Table 1_Suppressed oncogenic molecules involved in the treatment of colorectal cancer by fecal microbiota transplantation.docx

Dysbiosis of the intestinal microbiota is prevalent among patients with colorectal cancer (CRC). This study aims to explore the anticancer roles of the fecal microbiota in inhibiting the progression of colorectal cancer and possible mechanisms. The intestinal microbial dysbiosis in CRC mice was significantly ameliorated by fecal microbiota transplantation (FMT), as indicated by the restored ACE index and Shannon index. The diameter and number of cancerous foci were significantly decreased in CRC mice treated with FMT, along with the restoration of the intestinal mucosal structure and the lessening of the gland arrangement disorder. Key factors in oxidative stress (TXN1, TXNRD1, and HIF-1α); cell cycle regulators (IGF-1, BIRC5, CDK8, HDAC2, EGFR, and CTSL); and a critical transcription factor of the innate immune signal pathway (IRF5) were among the repressed oncogenic targets engaged in the FMT treatment of CRC. Correlation analysis revealed that their expressions were positively correlated with uncultured_bacterium_o_Mollicutes_RF39, Rikenellaceae_RC9_gut_group, and negatively correlated with Bacillus, Marvinbryantia, Roseburia, Angelakisella, Enterorhabdus, Bacteroides, Muribaculum, and genera of uncultured_bacterium_f_Eggerthellaceae, uncultured_bacterium_f_Xanthobacteraceae, Prevotellaceae_UCG-001, uncultured_bacterium_f_Erysipelotrichaceae, uncul-tured_bacterium_f_Lachnospiraceae, uncultured_bacterium_f_Ruminococcaceae, Eubacterium_coprostanoligenes_group, Ruminococcaceae_UCG-005, and uncultured_bacterium_f_Peptococcaceae. This study provides more evidence for the application of FMT in the clinical treatment of CRC.

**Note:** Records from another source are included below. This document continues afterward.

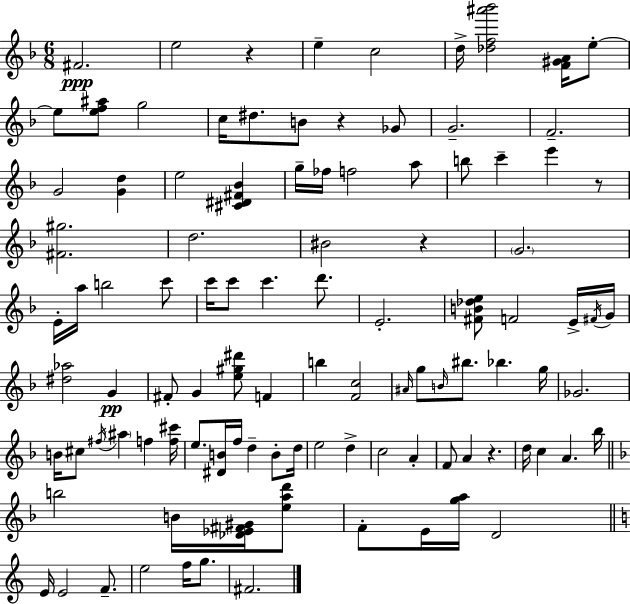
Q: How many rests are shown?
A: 5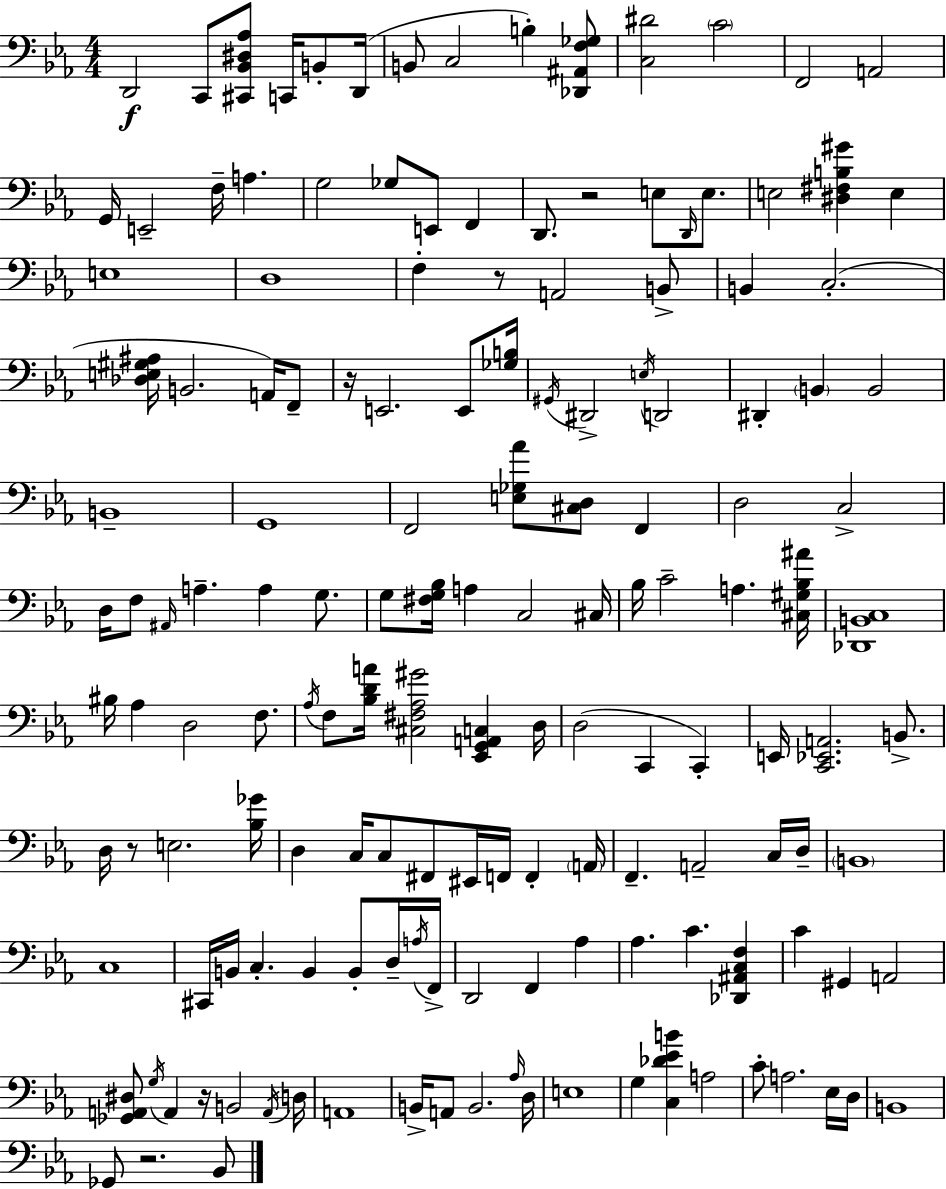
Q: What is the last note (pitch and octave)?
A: Bb2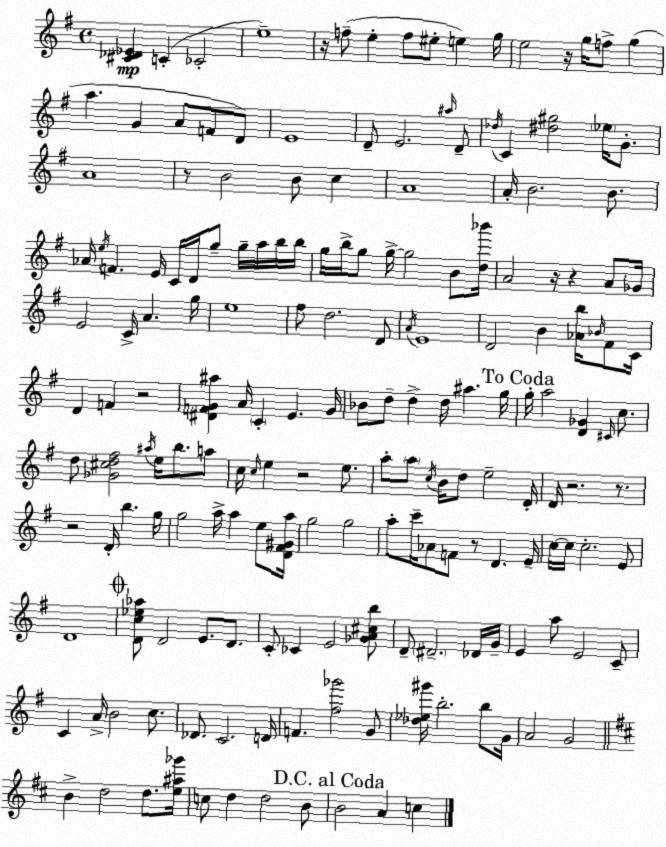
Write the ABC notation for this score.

X:1
T:Untitled
M:4/4
L:1/4
K:G
[^C_D_E] C _C2 e4 z/4 f/2 e f/2 ^e/2 e g/4 e2 z/4 g/4 f/2 g a G A/2 F/2 D/2 E4 D/2 E2 ^a/4 D/2 _d/4 C [^d^g]2 _e/4 G/2 A4 z/2 B2 B/2 c A4 A/4 B2 B/2 _A/4 e/4 F E/4 C/4 D/4 g/2 g/4 a/4 b/4 b/4 g/4 b/4 g/2 g/4 g2 B/2 [d_b']/4 A2 z/4 z A/2 _G/4 E2 C/4 A g/4 e4 ^f/2 d2 D/2 A/4 E4 D2 B [_Ab]/4 _B/4 ^F/2 C/4 D F z2 [^DFG^a] A/4 C E G/4 _B/2 d/2 d d/4 ^a g/4 g/4 a2 [D_G] ^C/4 c/2 d/2 [_G^cd^f]2 ^a/4 e/4 b/2 a/2 c/4 c/4 e z2 e/2 a/2 a/2 c/4 B/4 d/2 e2 D/4 D/4 z2 z/2 z2 D/4 b g/4 g2 a/4 a e/2 [D^F^Ga]/4 g2 g2 a/2 c'/4 _A/2 F/2 z/2 D E/4 c/4 c/4 c2 E/2 D4 [Dc_e_a]/2 D2 E/2 D/2 C/2 _C E2 [_GA^cb]/2 D/2 ^D2 _D/4 G/4 E a/2 E2 C/2 C A/4 B2 c/2 _D/2 C2 D/4 F [^f_g']2 G/2 [_d_e^g']/4 b2 b/2 G/4 A2 G2 B d2 d/2 [e^a_g']/4 c/2 d d2 B/2 B2 A c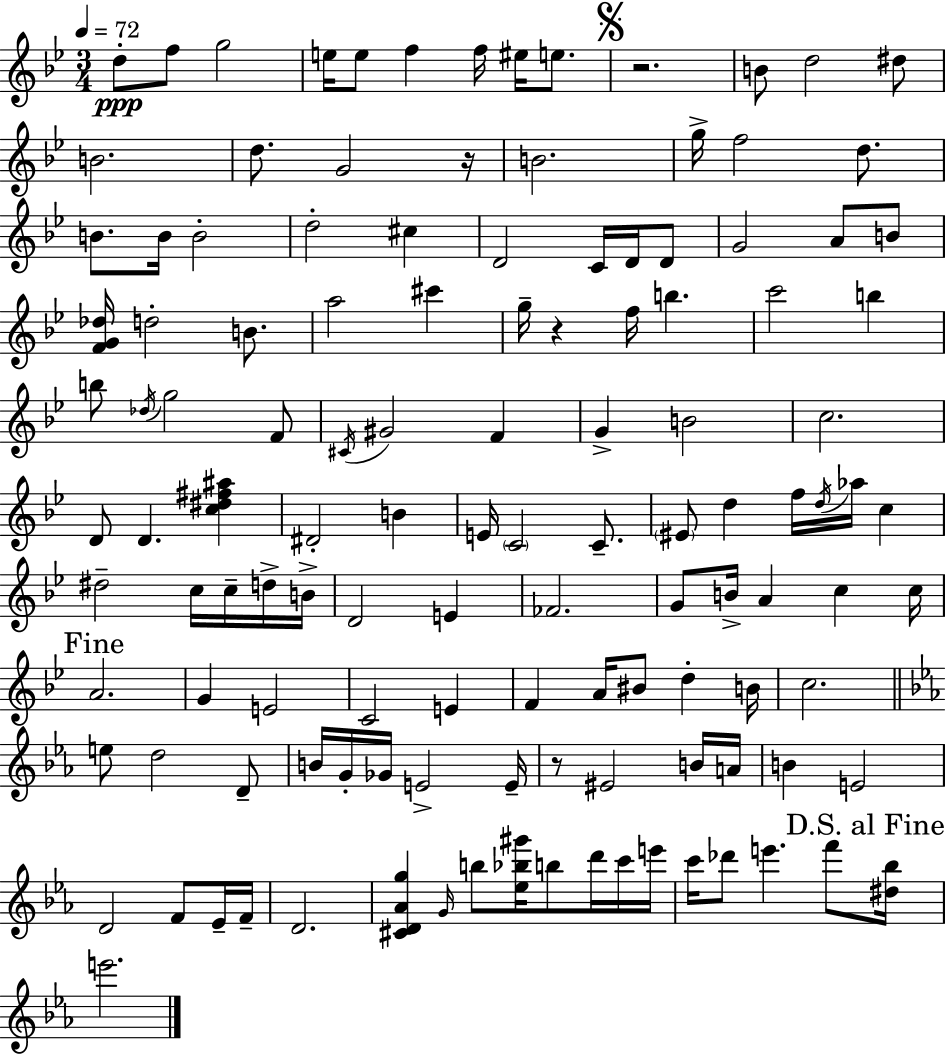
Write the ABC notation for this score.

X:1
T:Untitled
M:3/4
L:1/4
K:Gm
d/2 f/2 g2 e/4 e/2 f f/4 ^e/4 e/2 z2 B/2 d2 ^d/2 B2 d/2 G2 z/4 B2 g/4 f2 d/2 B/2 B/4 B2 d2 ^c D2 C/4 D/4 D/2 G2 A/2 B/2 [FG_d]/4 d2 B/2 a2 ^c' g/4 z f/4 b c'2 b b/2 _d/4 g2 F/2 ^C/4 ^G2 F G B2 c2 D/2 D [c^d^f^a] ^D2 B E/4 C2 C/2 ^E/2 d f/4 d/4 _a/4 c ^d2 c/4 c/4 d/4 B/4 D2 E _F2 G/2 B/4 A c c/4 A2 G E2 C2 E F A/4 ^B/2 d B/4 c2 e/2 d2 D/2 B/4 G/4 _G/4 E2 E/4 z/2 ^E2 B/4 A/4 B E2 D2 F/2 _E/4 F/4 D2 [^CD_Ag] G/4 b/2 [_e_b^g']/4 b/2 d'/4 c'/4 e'/4 c'/4 _d'/2 e' f'/2 [^d_b]/4 e'2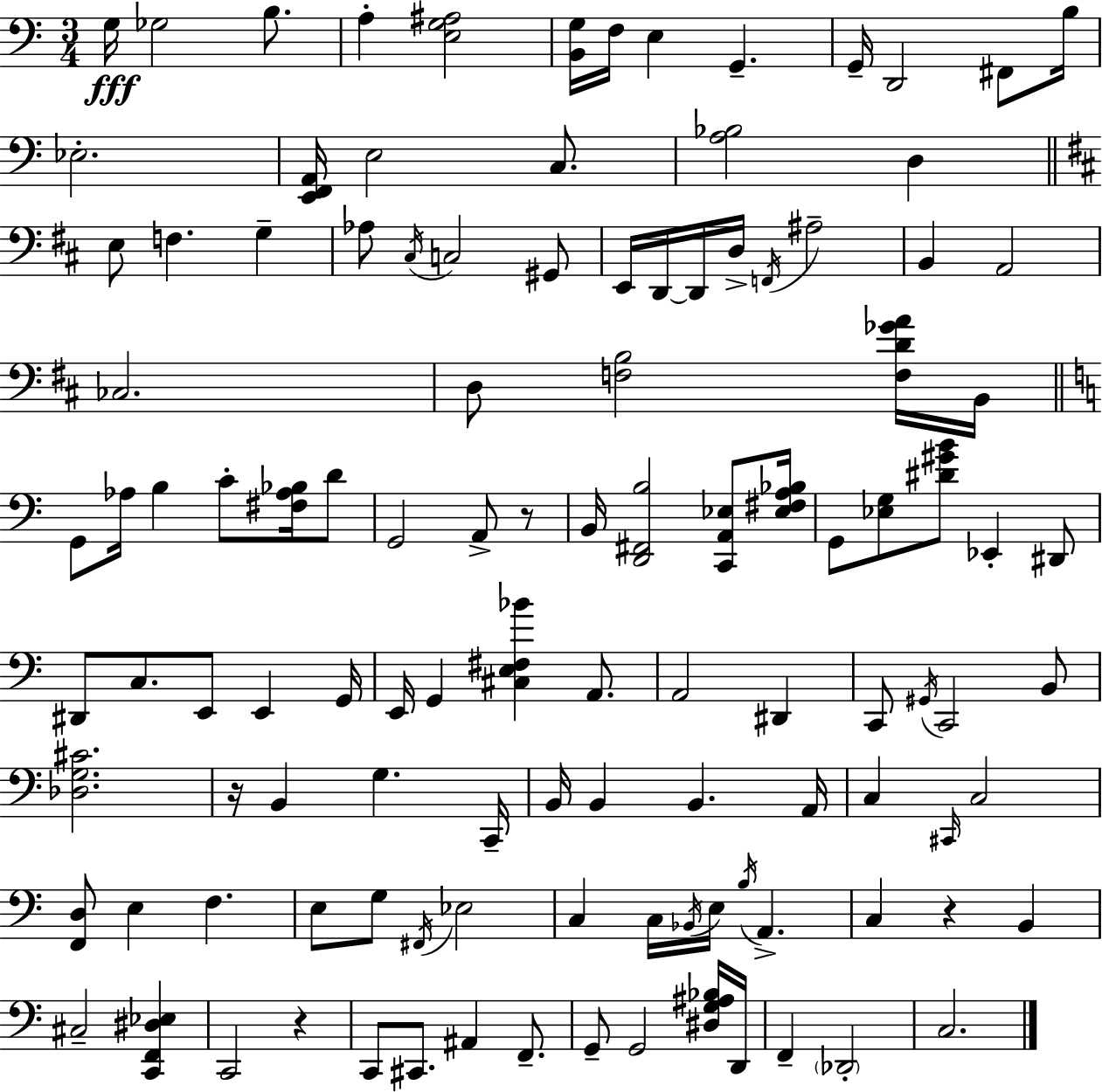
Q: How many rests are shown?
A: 4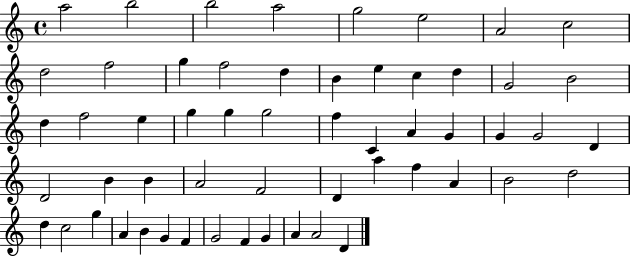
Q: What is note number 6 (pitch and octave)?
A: E5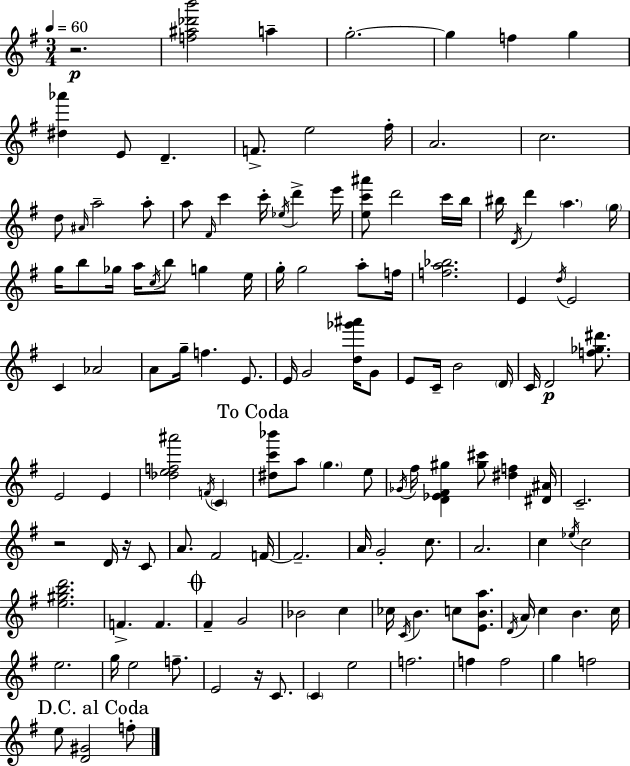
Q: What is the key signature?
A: E minor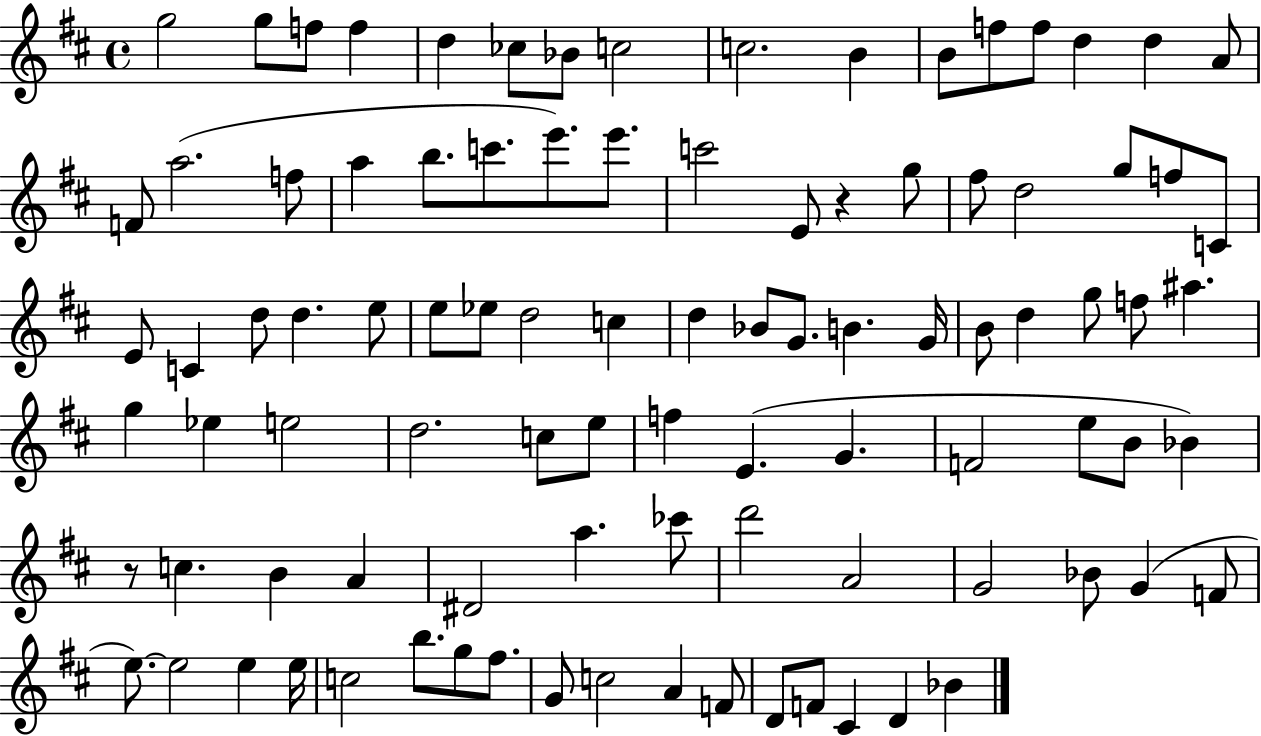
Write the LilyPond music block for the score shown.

{
  \clef treble
  \time 4/4
  \defaultTimeSignature
  \key d \major
  g''2 g''8 f''8 f''4 | d''4 ces''8 bes'8 c''2 | c''2. b'4 | b'8 f''8 f''8 d''4 d''4 a'8 | \break f'8 a''2.( f''8 | a''4 b''8. c'''8. e'''8.) e'''8. | c'''2 e'8 r4 g''8 | fis''8 d''2 g''8 f''8 c'8 | \break e'8 c'4 d''8 d''4. e''8 | e''8 ees''8 d''2 c''4 | d''4 bes'8 g'8. b'4. g'16 | b'8 d''4 g''8 f''8 ais''4. | \break g''4 ees''4 e''2 | d''2. c''8 e''8 | f''4 e'4.( g'4. | f'2 e''8 b'8 bes'4) | \break r8 c''4. b'4 a'4 | dis'2 a''4. ces'''8 | d'''2 a'2 | g'2 bes'8 g'4( f'8 | \break e''8.~~) e''2 e''4 e''16 | c''2 b''8. g''8 fis''8. | g'8 c''2 a'4 f'8 | d'8 f'8 cis'4 d'4 bes'4 | \break \bar "|."
}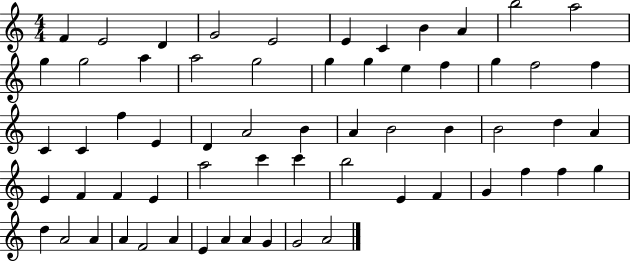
X:1
T:Untitled
M:4/4
L:1/4
K:C
F E2 D G2 E2 E C B A b2 a2 g g2 a a2 g2 g g e f g f2 f C C f E D A2 B A B2 B B2 d A E F F E a2 c' c' b2 E F G f f g d A2 A A F2 A E A A G G2 A2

肠道微生物群失调在结直肠癌（CRC）患者中普遍存在。本研究旨在探讨粪便微生物群在抑制结直肠癌进展及其潜在机制中的抗癌作用。通过恢复ACE指数和Shannon指数，粪便微生物群移植（FMT）显著改善了CRC小鼠的肠道微生物群失调。CRC小鼠经FMT治疗后，癌灶的直径和数量显著减少，同时肠道黏膜结构得到恢复，腺体排列紊乱减轻。氧化应激的关键因素（TXN1、TXNRD1和HIF-1α）；细胞周期调节因子（IGF-1、BIRC5、CDK8、HDAC2、EGFR和CTSL）；以及先天免疫信号通路的关键转录因子（IRF5）均参与了FMT治疗CRC的抗癌目标，其表达与uncultured_bacterium_o_Mollicutes_RF39、Rikenellaceae_RC9_gut_group呈正相关，与Bacillus、Marvinbryantia、Roseburia、Angelakisella、Enterorhabdus、Bacteroides、Muribaculum以及uncultured_bacterium_f_Eggerthellaceae、uncultured_bacterium_f_Xanthobacteraceae、Prevotellaceae_UCG-001、uncultured_bacterium_f_Erysipelotrichaceae、uncultured_bacterium_f_Lachnospiraceae、uncultured_bacterium_f_Ruminococcaceae、Eubacterium_coprostanoligenes_group、Ruminococcaceae_UCG-005和uncultured_bacterium_f_Peptococcaceae属等呈负相关。本研究为FMT在CRC临床治疗中的应用提供了更多证据。